The Los Angeles metropolitan area, also known as Metropolitan Los Angeles or the Southland, is the 13th largest metropolitan area in the world and the second-largest metropolitan area in the United States.
The metropolitan area is defined by the Office of Management and Budget as the Los Angeles-Long Beach-Santa Ana metropolitan statistical area containing consists of Los Angeles and Orange counties, a metropolitan statistical area used for statistical purposes by the United States Census Bureau and other agencies.

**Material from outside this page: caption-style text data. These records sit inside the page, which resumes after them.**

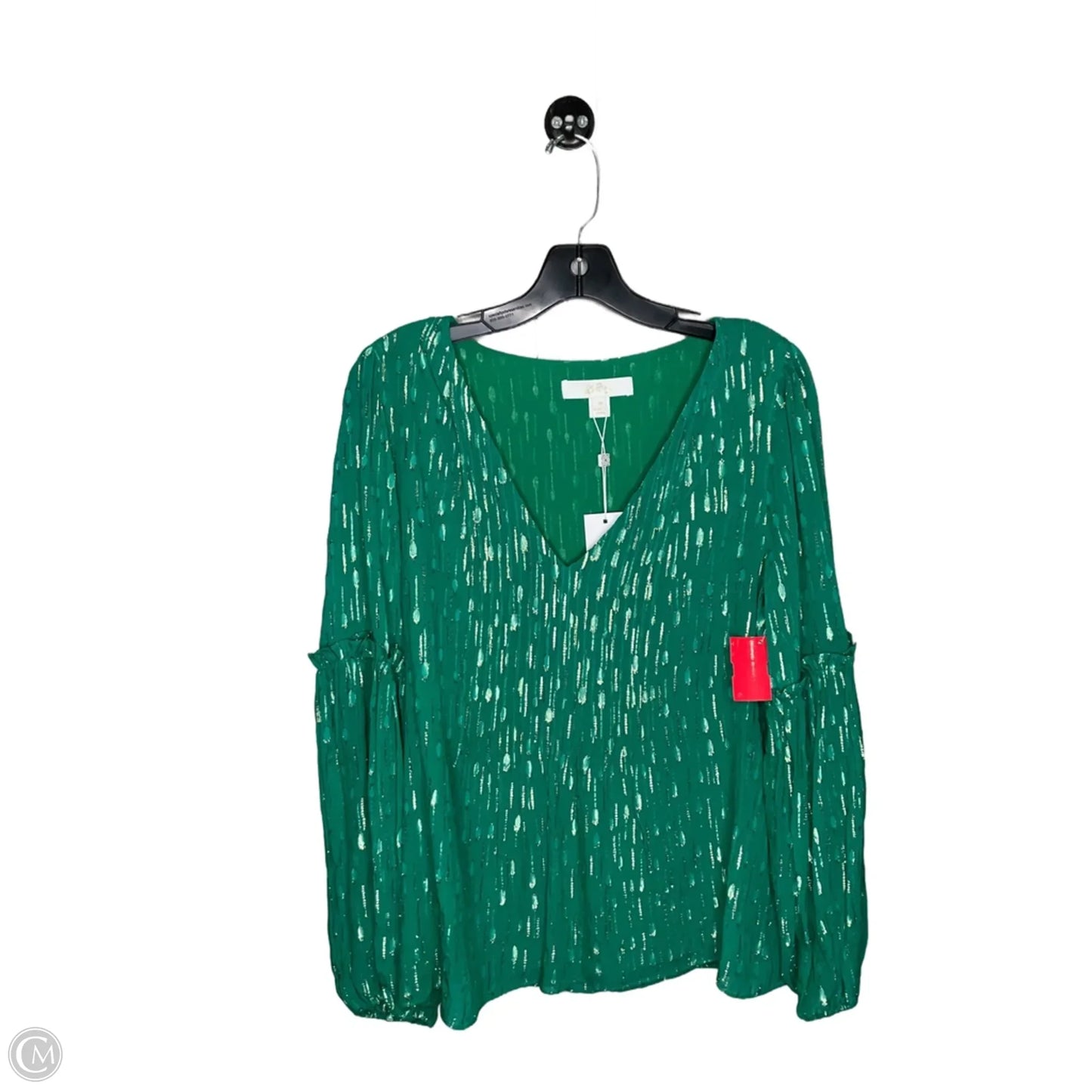 Blouse Designer By Lilly Pulitzer In Green, Size: 10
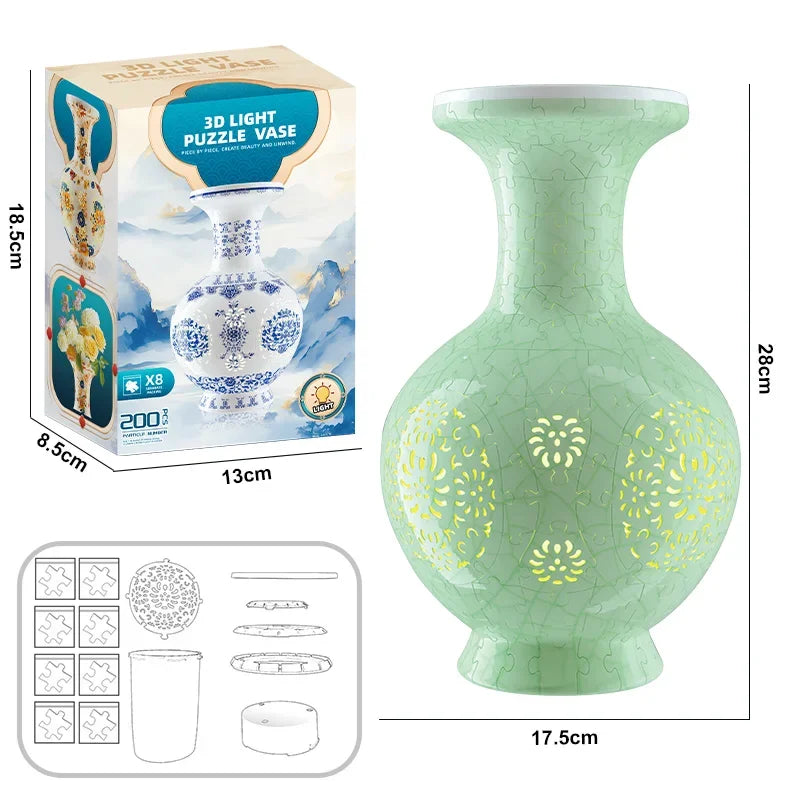 Puzzle Led Fretwork Waterproof Flower Planter &ndash; LED Glow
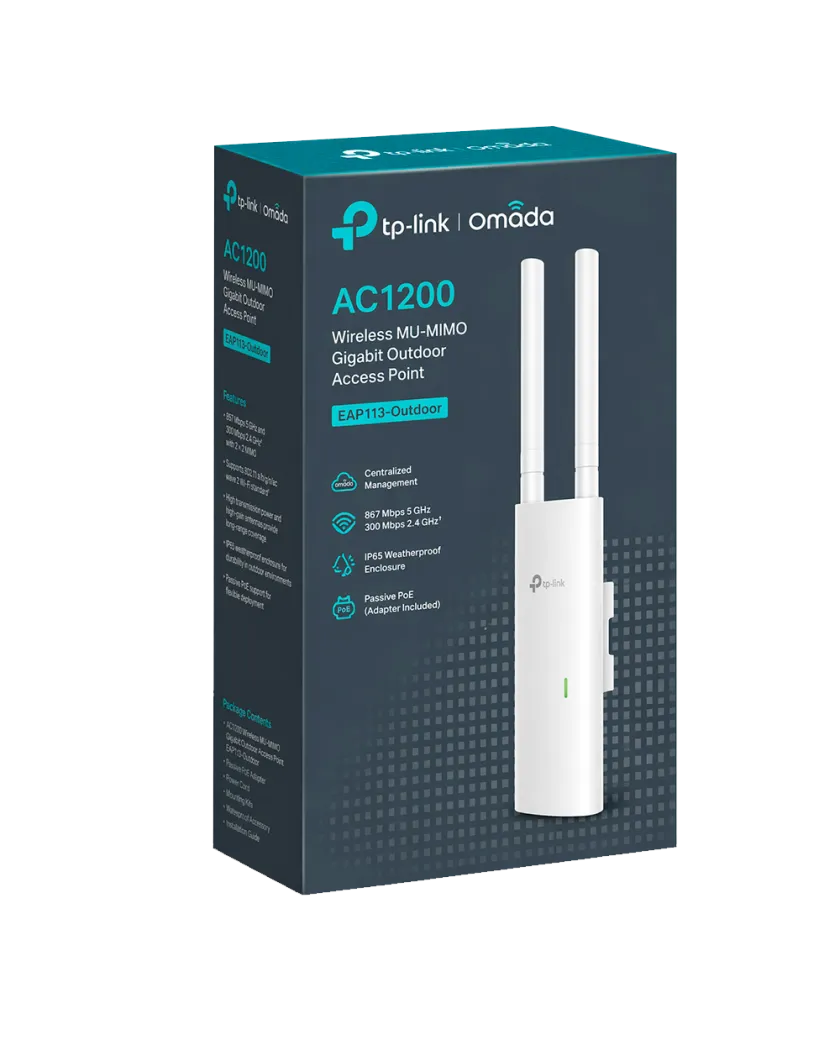 TP-Link Omada EAP113-Outdoor / 300Mbps Беспроводная точка доступа Wi-Fi для наружного использования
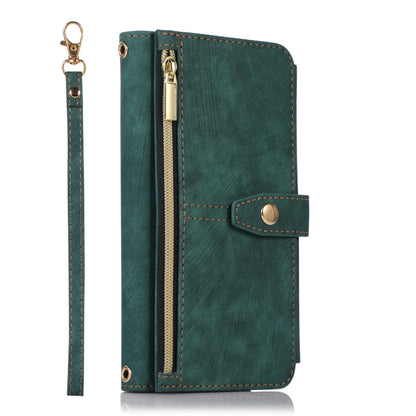 Dream 9-Card Wallet Zipper Bag Leather Phone Case, For iPhone 14, For iPhone 14 Plus, For iPhone 14 Pro, For iPhone 14 Pro Max, For iPhone 13, For iPhone 13 Pro, For iPhone 13 Pro Max, For iPhone 12 mini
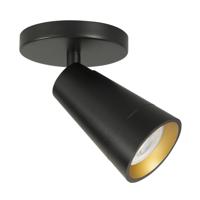 Highlight SpotPetunia zwart met goud enkel - S7135.01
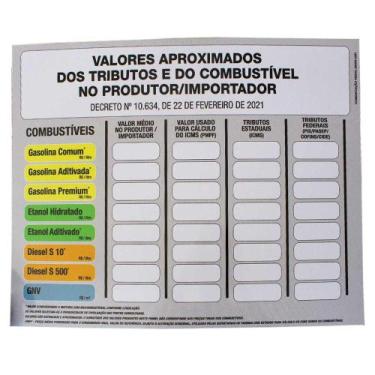 Imagem de Placa Tributos de Combustíveis Decreto 10.634 - Proposto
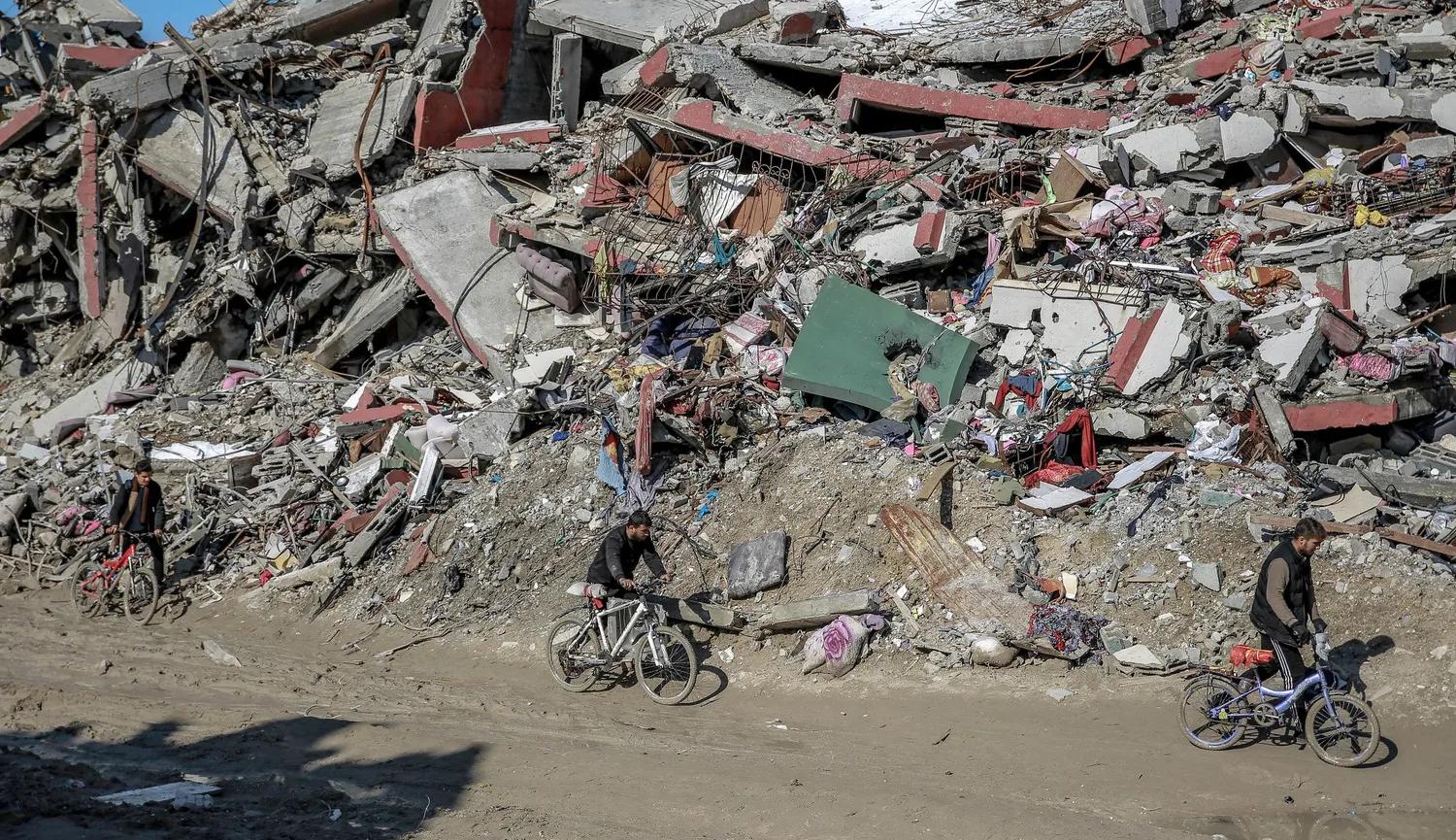 الدمار في مدينة غزة (نقلاً عن "هآرتس")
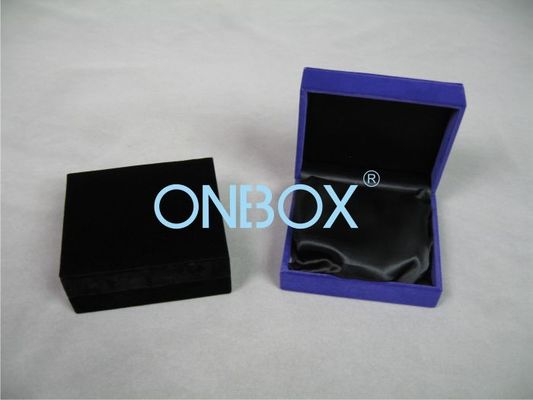 Purple plastic Luxury Packaging Boxes with suede fabric and foam insert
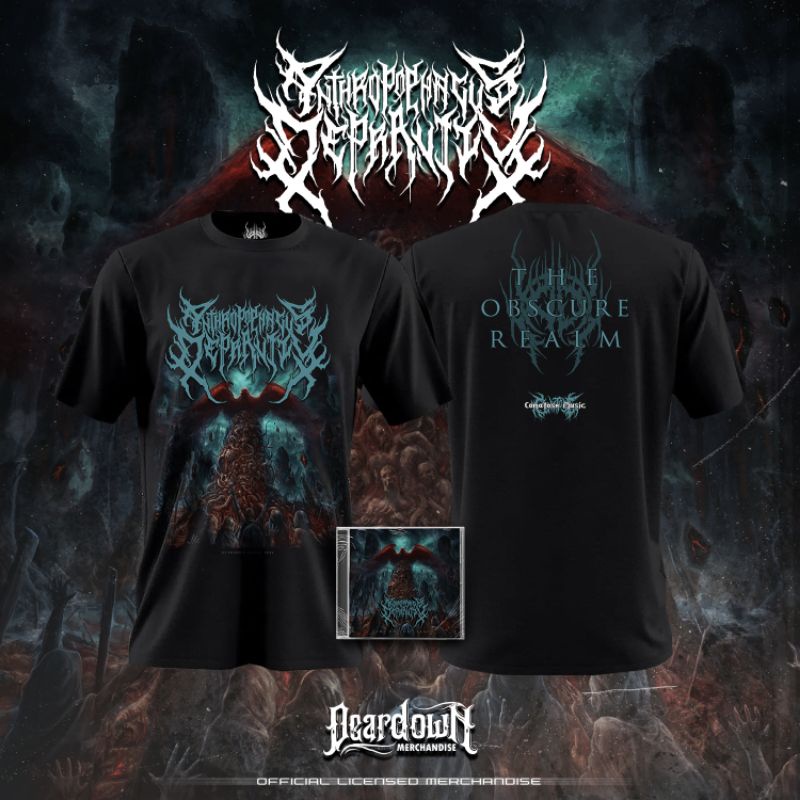 เสื้อยืด + เสื้อยืดซีดี ANTHROPOPHAGUS DEPRAVITY - OBSCURE | Shopee ...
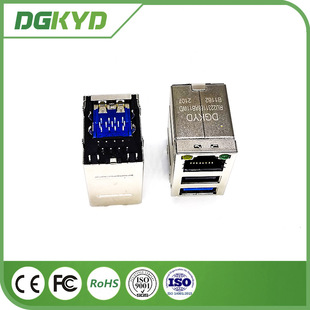 RJ45 1X1 pUSB 2.0/3.0 LED  IEEE 802.3Ҏ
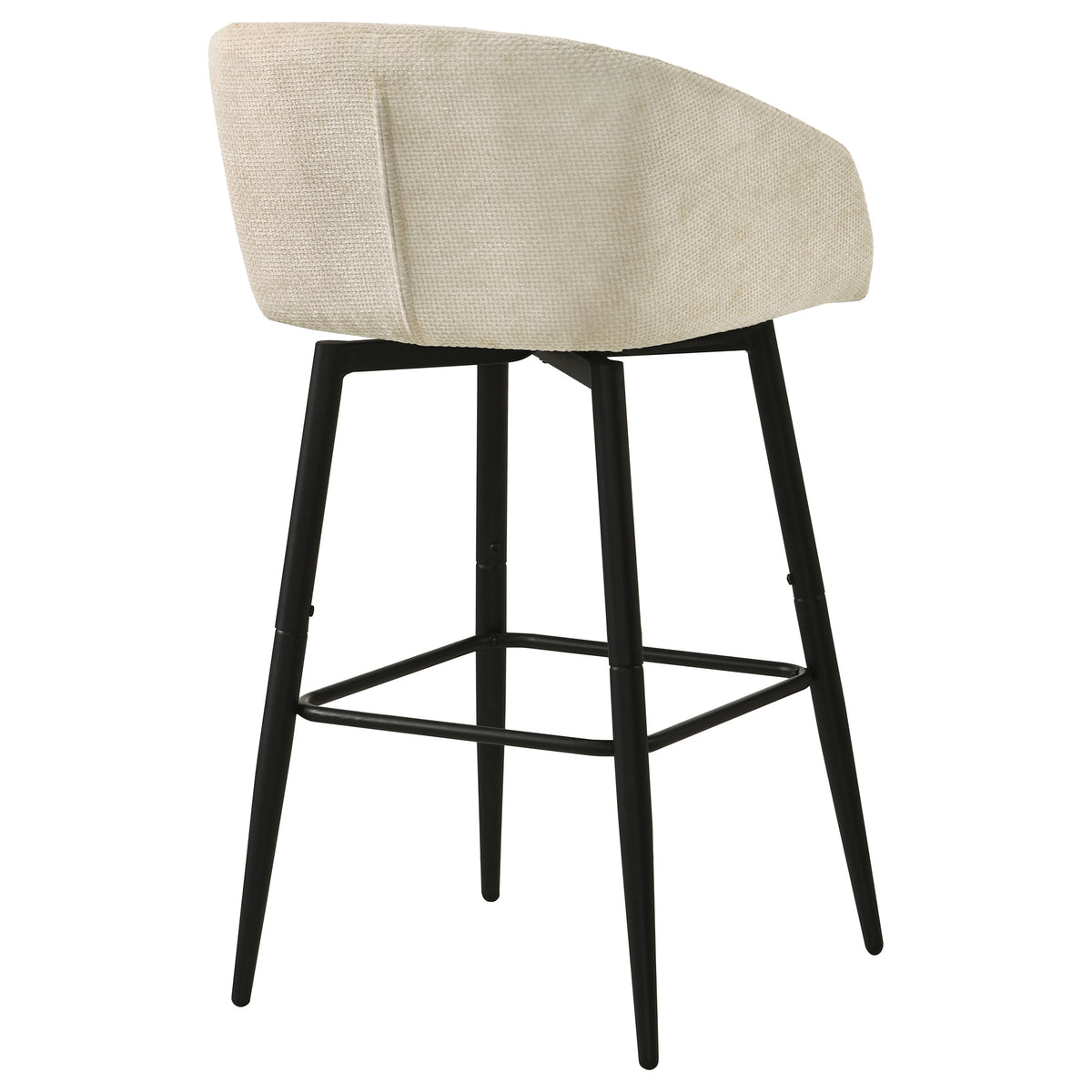 Rainer Fabric Upholstered Swivel Bar Chair (Set of 2) - Cream
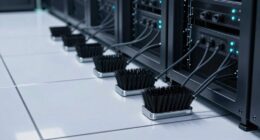 top raised floor cable brushes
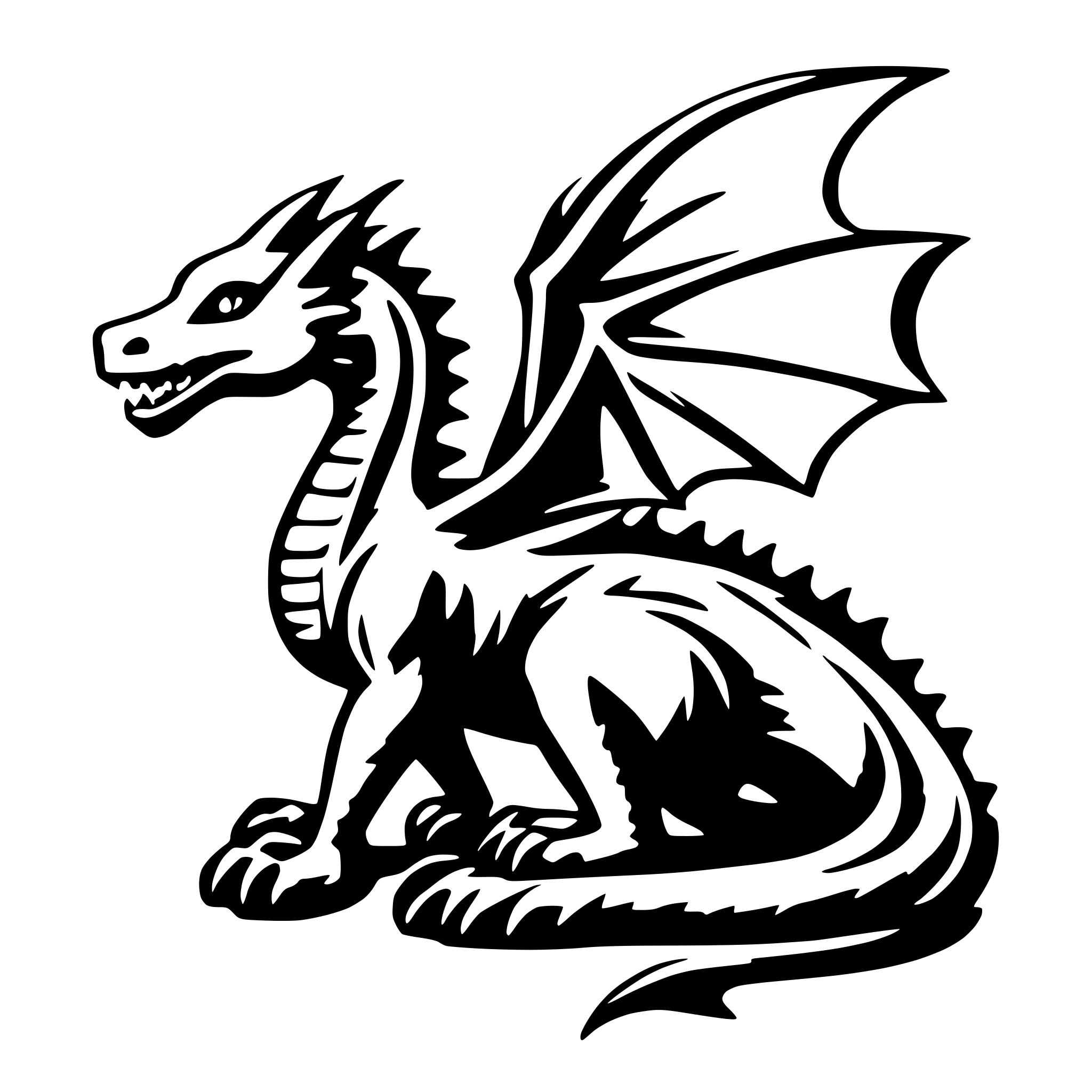 AI-generated SVG of a dragon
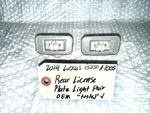 2014-2018 Lexus IS350 IS250 Rear License Plate Lights Tag Lamps Set Oem Tested Used. Price: $34.88.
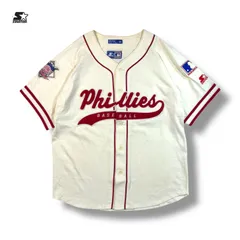 STARTER MLBフィラデルフィア・フィリーズ ベースボールシャツ アイボリー Mのサムネイル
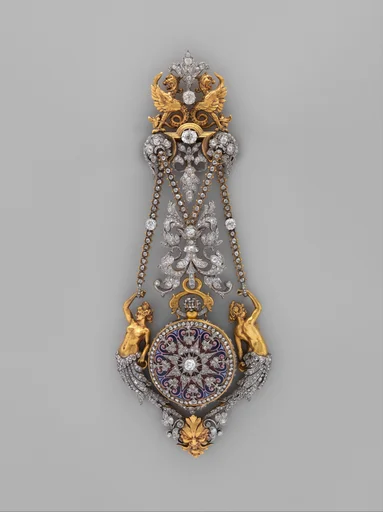 Watch and chatelaine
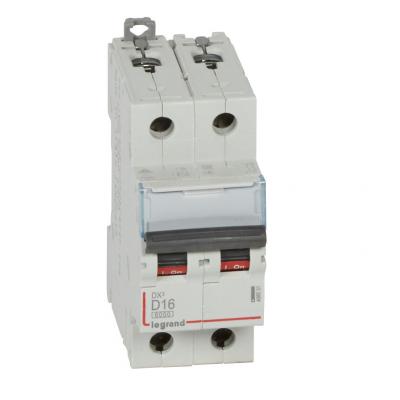 Автоматический выключатель Legrand DX³ 2P D16А 10кА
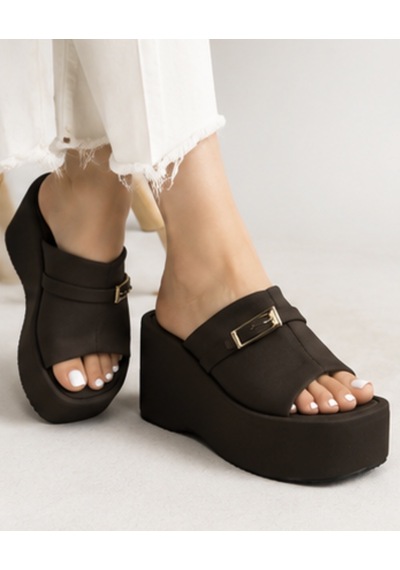 N Napa Shoe Np.9555.kahve Saten Napa Shoe Kadın Dolgu Topuk Platform Terlik Tokalı Günlük Şık Yazlık Terlik Kahverengi N Napa Shoe Np.9555.kahve Saten Napa Shoe Kadın Dolgu Topuk Platform Terlik Tokalı Günlük Şık Yazlık Terlik Kahverengi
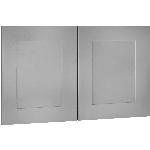 Paquet de 2 portes d'armoire-pont Cambridge, 15 po x 19 po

Los Angeles and Orange counties are the two most populous counties in California, and Los Angeles, with 9,819,000 people in 2010, is the most populous county in the United States. The combined Los Angeles metropolitan area is home to 15.4 million people, making it the most populous metropolitan area in the western United States and the largest in area in the United States. The metro area has at its core the most densely populated urbanized area in the United States, Los Angeles-Long Beach-Santa Ana, an urbanized area defined by the Census Bureau and had a population 11,789,487 as of the 2000 Census).
Based on commuting patterns, the U.S. Bureau of the Census also defines a wider region consisting of the Los Angeles metropolitan area plus two adjacent metropolitan areas. The area is known as the Los Angeles-Long Beach-Riverside Combined Statistical Area (CSA), with an estimated population of 17,786,419. This region is more commonly known as the Greater Los Angeles Area and includes three additional counties.
This wider region includes the second largest city in the United States, Los Angeles, and the counties of Los Angeles, Orange, Ventura, Riverside, and San Bernardino. The total land area of the metropolitan statistical area is 4,850 sq. mi (12,562 km2), while that of the combined statistical area is 33,955 sq. mi (87,945 km2).